START Input

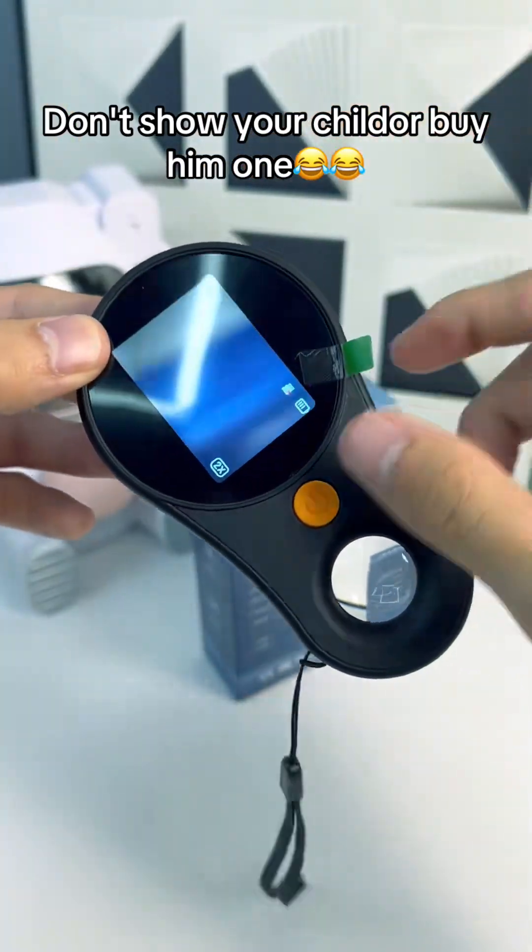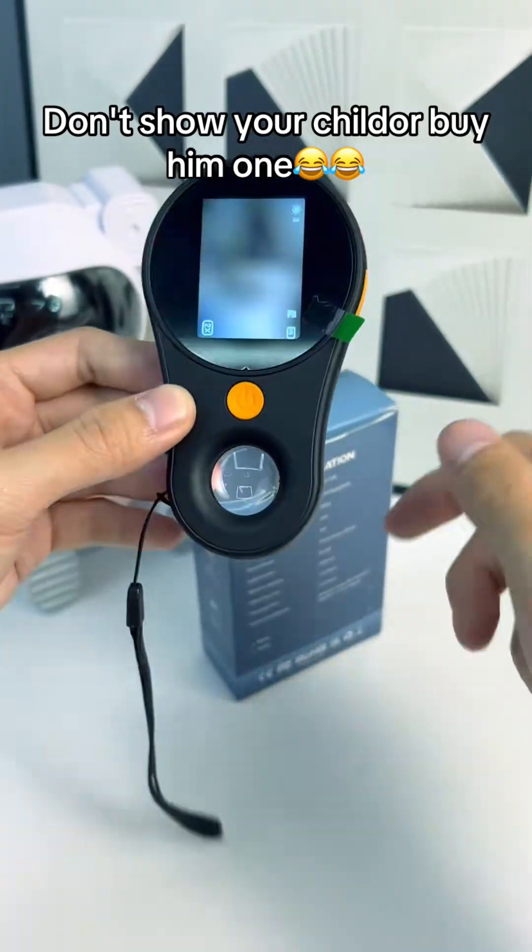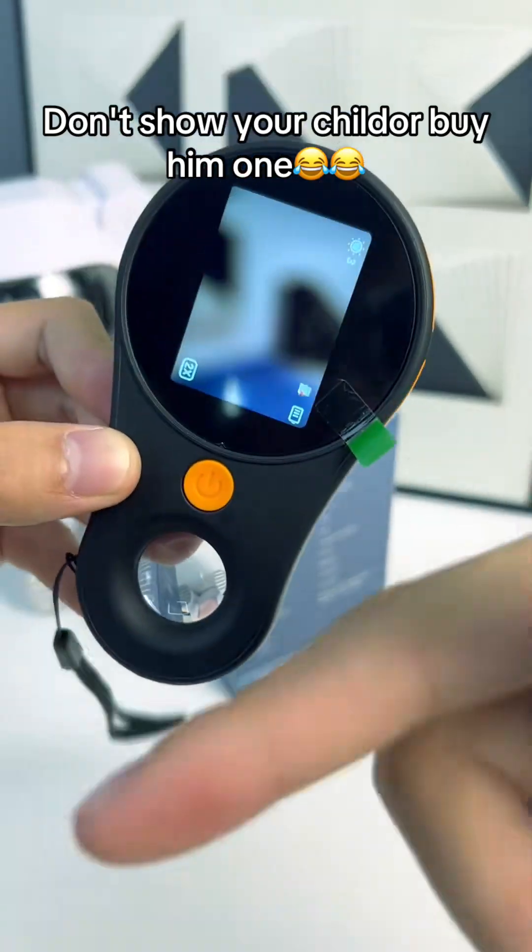These are pretty cool. If you want one, get it for Christmas, get it for gifts. These are absolutely awesome — they're rechargeable. Click on it, hit the shopping cart, guys, and get you one of these.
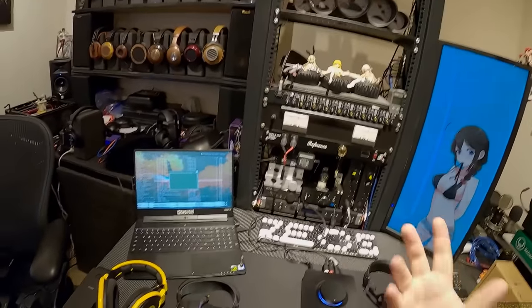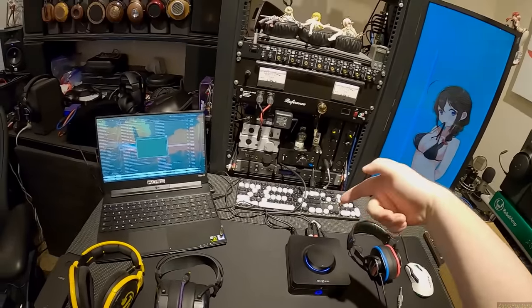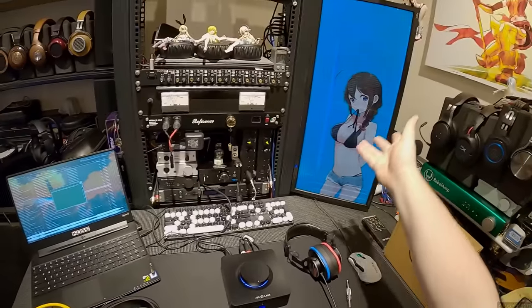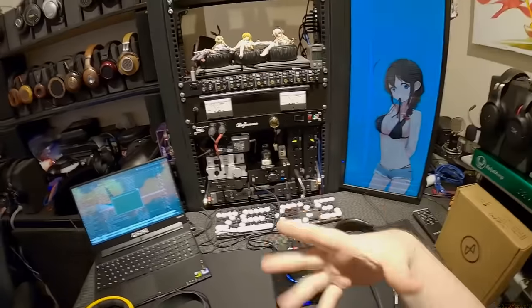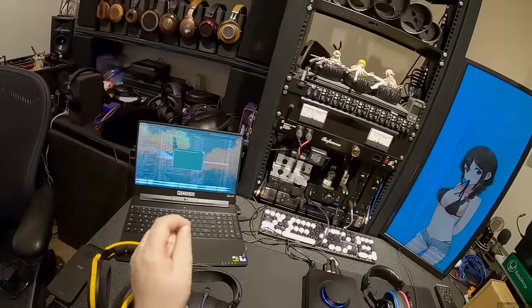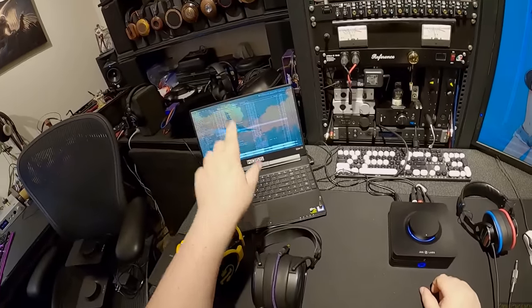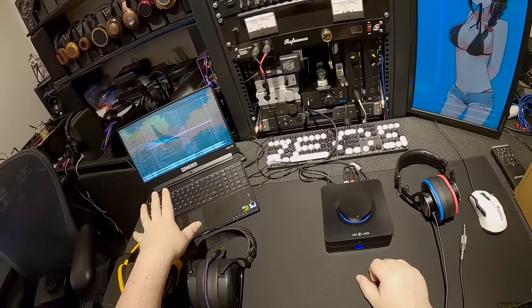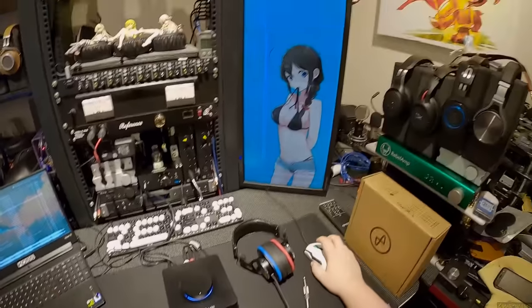Fiber optic is less annoying because fiber optic just keeps playing — one of the reasons I like fiber optic. USB is constantly going back and forth, which is why USB can handle higher bit rates. This is currently running 32-bit 384kHz. I don't even know if this will handle DSD — I should probably know that before I start.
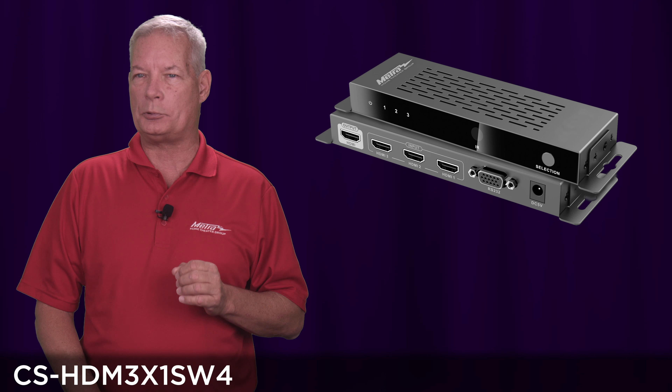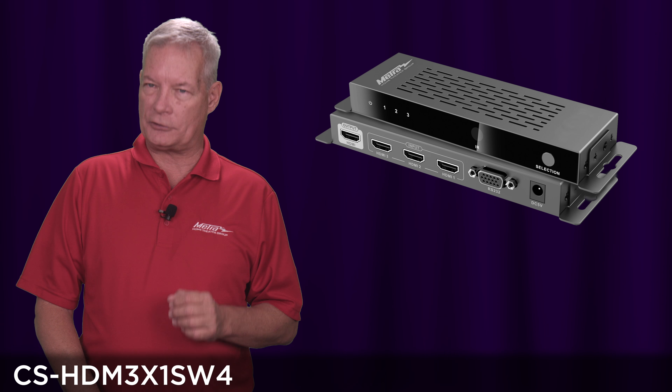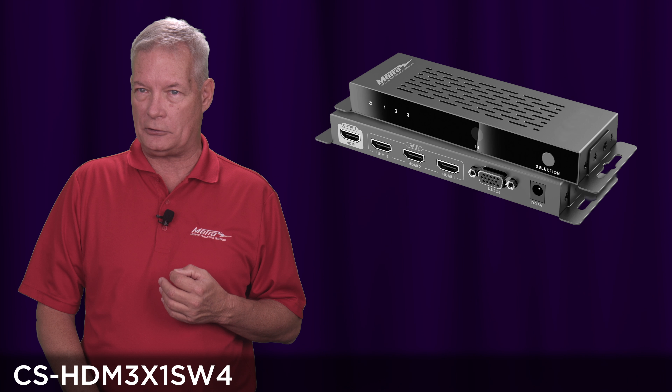Most importantly, this switch fully supports HDCP 2.2. Along with that, you've got discrete IR commands for each of the inputs and the ability to tie it into your control system with RS-232.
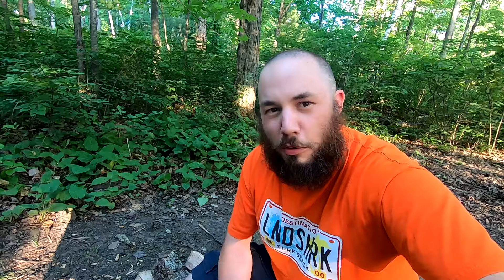So first I'm going to show you how to process some firewood. I'm going to be using just my knife here. I'm going to be batoning it.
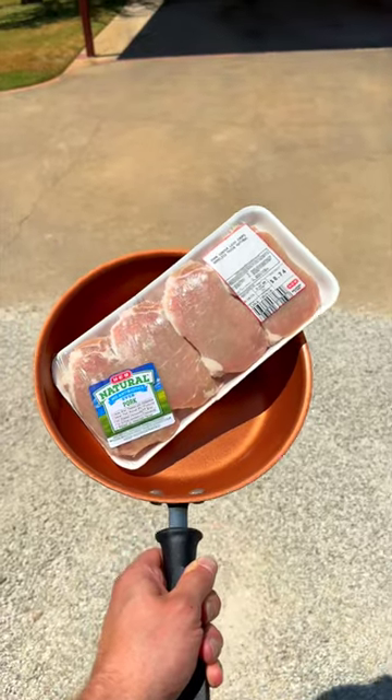It's over 100 degrees in Texas, so I'm going to cook these pork chops in the sun. And of course, we got these pork chops from HEB.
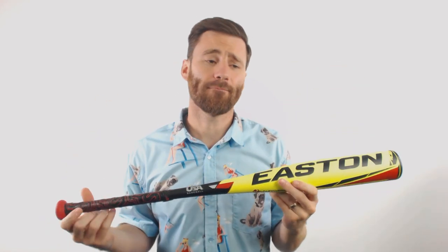Players, parents, and coaches, it's Ben the Batman from Just Bats. Today, I have the Easton ADV 360 USA Baseball Bat.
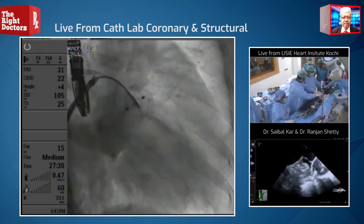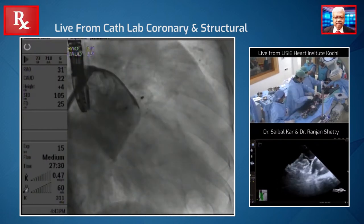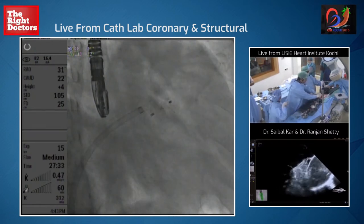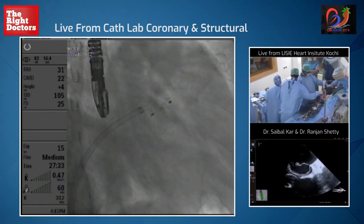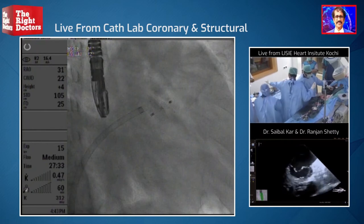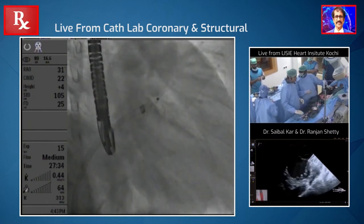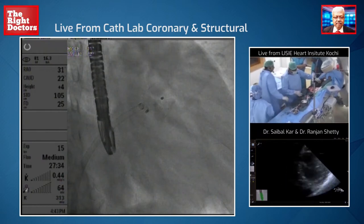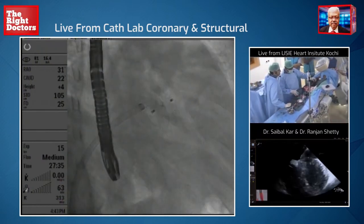Let's close the ASD. We're going to come here and close the ASD with the same device, same sheath. So now let's go to a short axis of the ASD. Can I see the 30 to 32 device? What size did we measure? 28 — maximum of 28. So we're planning to take 32. We're also planning to close the ASD now.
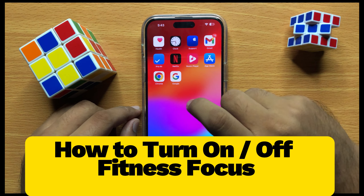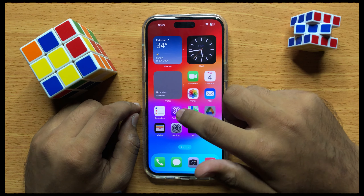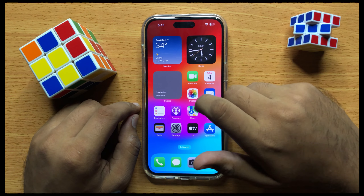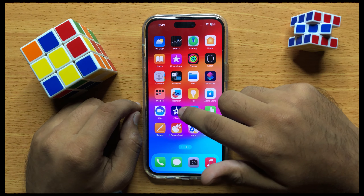Hello everyone. In this video I will show you how you can turn on or turn off Fitness Focus in iPhone 15 Pro Max. Before starting the video, don't forget to subscribe to the channel and also press the bell icon.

END Input

*What to work on*. Return only the lines from the start of the data through the line that contains "So first I'm", please, copying them exactly and omitting all pictures.

*Result of this task*.
These are pretty cool. If you want one, get it for Christmas, get it for gifts. These are absolutely awesome — they're rechargeable. Click on it, hit the shopping cart, guys, and get you one of these.
Fiber optic is less annoying because fiber optic just keeps playing — one of the reasons I like fiber optic. USB is constantly going back and forth, which is why USB can handle higher bit rates. This is currently running 32-bit 384kHz. I don't even know if this will handle DSD — I should probably know that before I start.
Most importantly, this switch fully supports HDCP 2.2. Along with that, you've got discrete IR commands for each of the inputs and the ability to tie it into your control system with RS-232.
So first I'm going to show you how to process some firewood. I'm going to be using just my knife here. I'm going to be batoning it.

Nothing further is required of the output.